Waldo: “A window into your best friends’ lives”
While its tagline may make it sound a little creepy in a “Big Brother is watching you” sort of way, Waldo is actually an ingenious way to keep tabs on those you hold near and dear.
The app is a self-described “contextual messenger” which runs in the background of your device. Waldo knows where you are and what you’re doing-driving, working, working out-and makes it easy for you to update your friends on the details.
In a mobile landscape cluttered with messaging apps, we think Waldo is worth seeking out. Here’s why.
- It is a passive way to keep apprised of what your friends and family are up to. We all love to know what the people we care about are up to, but it’s honestly pretty annoying to have to ask and answer the same questions-“where r u?,” “what’s up?”, “r u busy?” over and over again throughout the course of your day. Waldo saves us the trouble of having to touch base with friends by updating a users’ status in the app automatically.
- Waldo isn’t for everyone . . . and by that I mean your profile won’t include updates from the 100s of friends you have on Facebook. Instead, it’s ideal for keeping tabs on a small group of very active people, which is another way of saying the modern American family or your 3 closest friends. So many messaging apps are about expanding your social network that it’s refreshing to see one that emphasizes building tighter connections amongst a small group.
- Waldo tells you what you need to know, but not more. This app isn’t the place to go to find out someone’s favorite band or American Idol contestant, but it does tell you the kind of information you wish every messaging app did, like that your friend is currently driving or that his/her phone is running low on batteries.
Waldo is made by Chronos Mobile Technologies, a development company headquartered in SF which specializes in lifestyle apps, and is currently available for the iPhone and Apple Watch.

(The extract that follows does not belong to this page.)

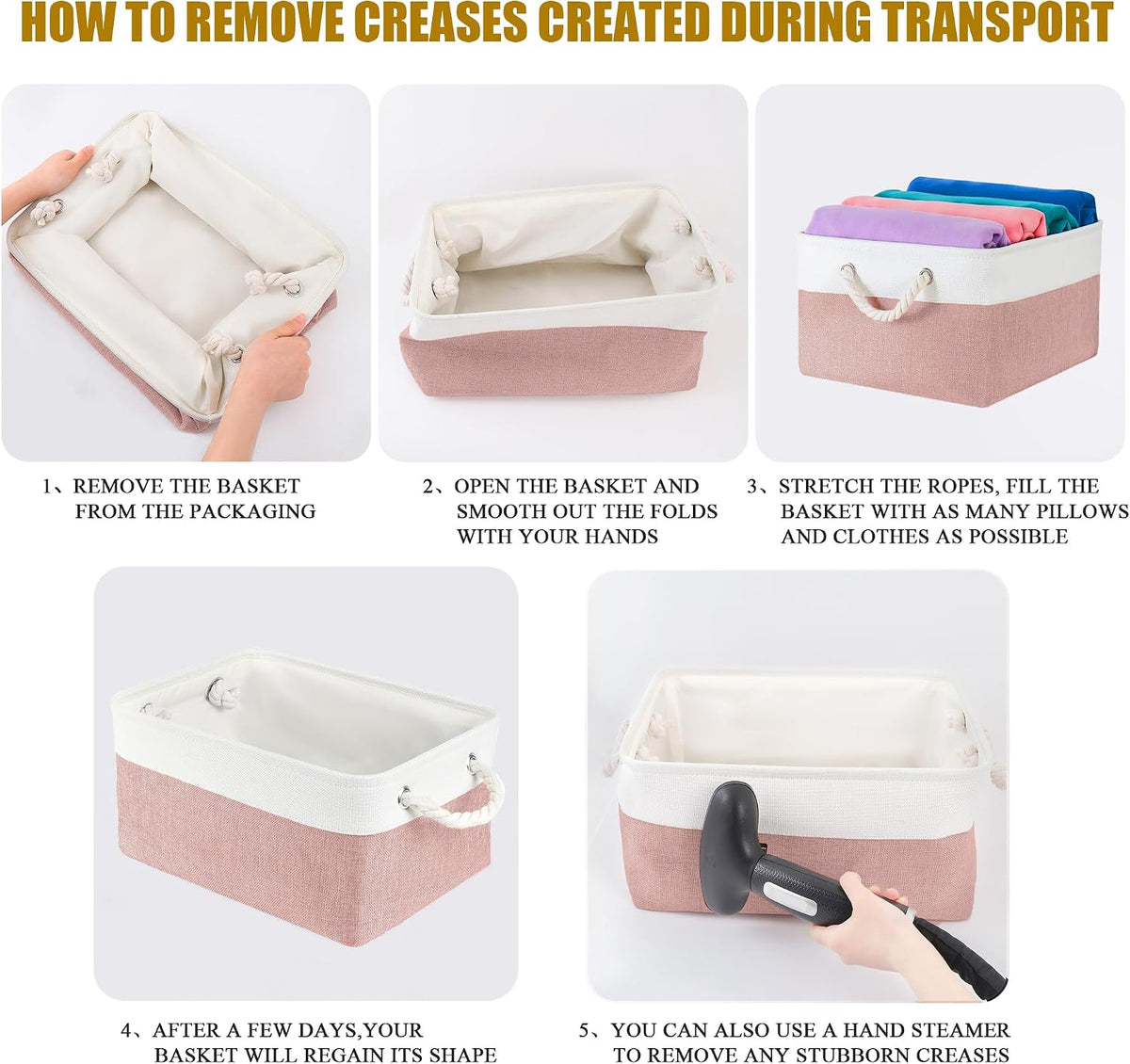 Storage Bins with Sturdy Cotton Handles(1 Pack), Fabric Storage Baskets for Organizing use for Office & Home, Book, Clothes, Toys, Closet Boxes (Small, Pink-White, 12.2x8.3x6.3 inches)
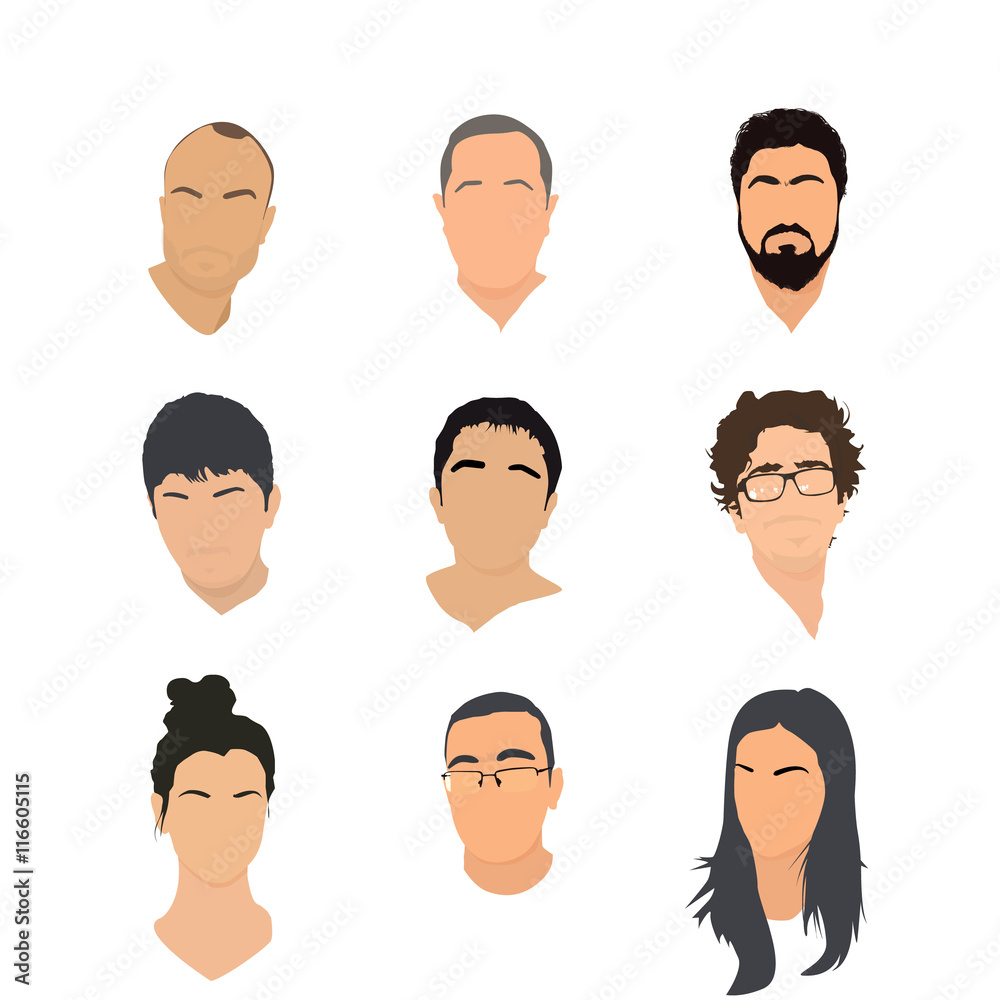 Bundle of male and female characters or avatars and with different hairstyles isolated on white background. Set of men and women. Vector illustration in flat style Bundle of male and female characters or avatars and with different hairstyles isolated on white background. Set of men and women. Vector illustration in flat style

Cord: “Less text. More message.”
Cord, a super simple app for Android and iOS that lets you listen to and record 12-second messages from friends, is a delightful contrast to the bevy of Swiss Army knife-like messaging apps that seem to compete for first place in “Who has the most Features?” contest.
No, it doesn’t have picture or video sharing, Google Maps integration or cute fox stickers, but this minimalist Android and iPhone app do have charm-and a lot of it.
Here are 3 reasons why we think you should download Cord . . . now!
- The idea behind Cord is simple, and so is its UI. While other messaging apps make you scroll through long lists of contacts to find the person you want to connect with, this one presents a neat array of profile pictures for you to choose from. Recording and sending a voice message is as simple as tapping a friend’s picture for a couple of seconds, and playing one is just as simple. Sure, you can also send messages to groups of friends, but other than that there are no frills to weigh this app down.
- Cord puts intimacy and emotion back into messaging. Everyone knows that text messages can’t express the range or depth of feeling like the human voice (which is often why we use them in the first place). This app presents a form of messaging that retains the ease and efficiency of text but pushes us towards the personal touch of actually saying what we think out loud. Let your voice do what emoticons used to!
- Its walkie-talkie-like nature makes it a perfect app for the Apple Watch. While other messengers have been forced to water down their apps’ functionality to suit the limited range of the Apple Watch, Cord is unique in that its users can do the same things with the app regardless of what device they’re running it on.
Cord was founded by New York-based Google alums Thomas Gayno and Jeff Baxter, who have so far received over $1.8 million in funding from VC Firm VaynerRSE.